SJB Parliamentarian Dr. Harsha de Silva addressing the press at the Oppostion Leader's office
- Calls on Govt. to act responsibly on fiscal and reserves policies
By Asiri Fernando
Samagi Jana Balawegaya (SJB) Parliamentarian Dr. Harsha de Silva yesterday alleged that the economy impacted by a worsening COVID pandemic is on the brink of collapse with the country facing a severe shortage of foreign exchange ahead of heavy debt repayment.
“Unless Sri Lanka reschedules its foreign debt and goes for an IMF program, the economy is on the brink of collapse as there are no dollars in the market for urgent imports,” de Silva claimed. “Failure will only add more damage,” he added.
Addressing the media, the SJB MP also said that the severe foreign exchange shortage isn’t a liquidity crisis but a solvency issue.
He said the crisis has manifested with Energy Ministry Secretary K.D.R. Olga confirming that the Government is considering an unsolicited loan of $ 1 billion to set off interest payments of loans CPC has obtained from the two State banks.

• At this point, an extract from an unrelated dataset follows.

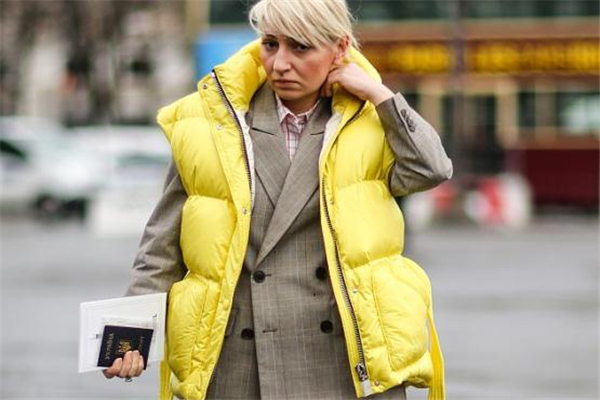 羽絨背心里面配什么衣服 溫暖和風度并存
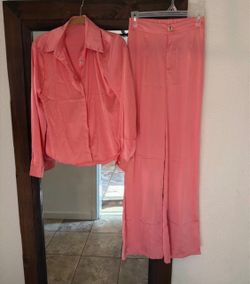 Women’s set size small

“This shows the sheer magnitude of the crisis,” he opined.
“Commercial banks are refusing dollar requests for urgent private sector imports,” he added.

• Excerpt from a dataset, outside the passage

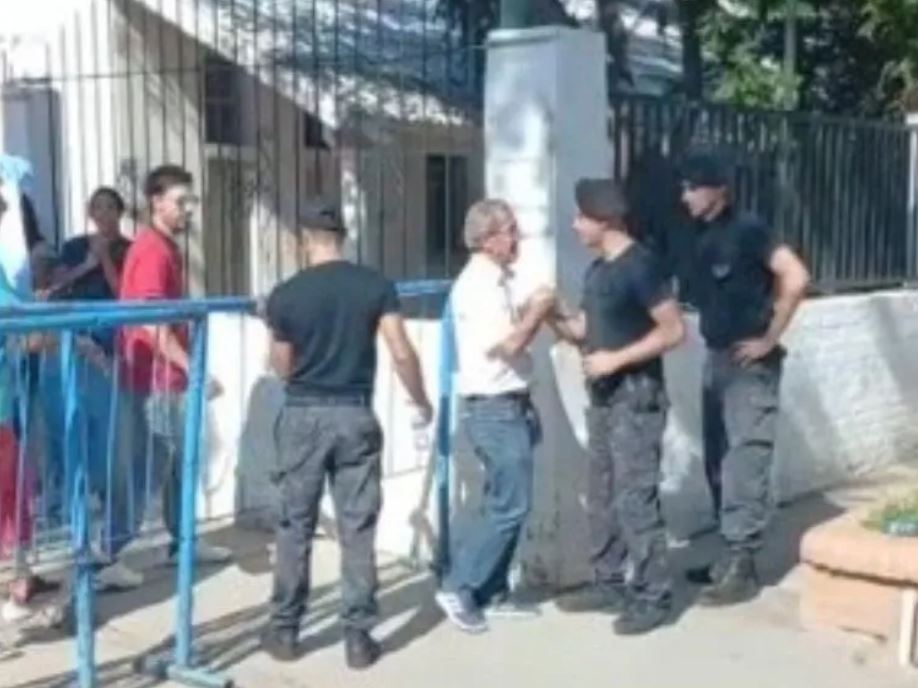 Autoconvocados son recibidos en Casa de Gobierno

Dr. de Silva also questioned how the Government, in just 12 months, had borrowed Rs. 2 trillion and for what purpose, whereas sharp criticism was against the Yahapalana regime’s Rs. 5.5 trillion borrowings over 60 months.
He said the Government needs to rethink their fiscal policies and act responsibly to avoid complicating economic woes in the coming months.
He charged that short-sighted policies of the Government have pushed the economy into a high-risk situation in the coming months. He stressed that had the Government worked with international financial markets, in particular, the International Monetary Fund (IMF) and restructured national debt repayment, Sri Lanka may have been able to avoid a dire economic outlook.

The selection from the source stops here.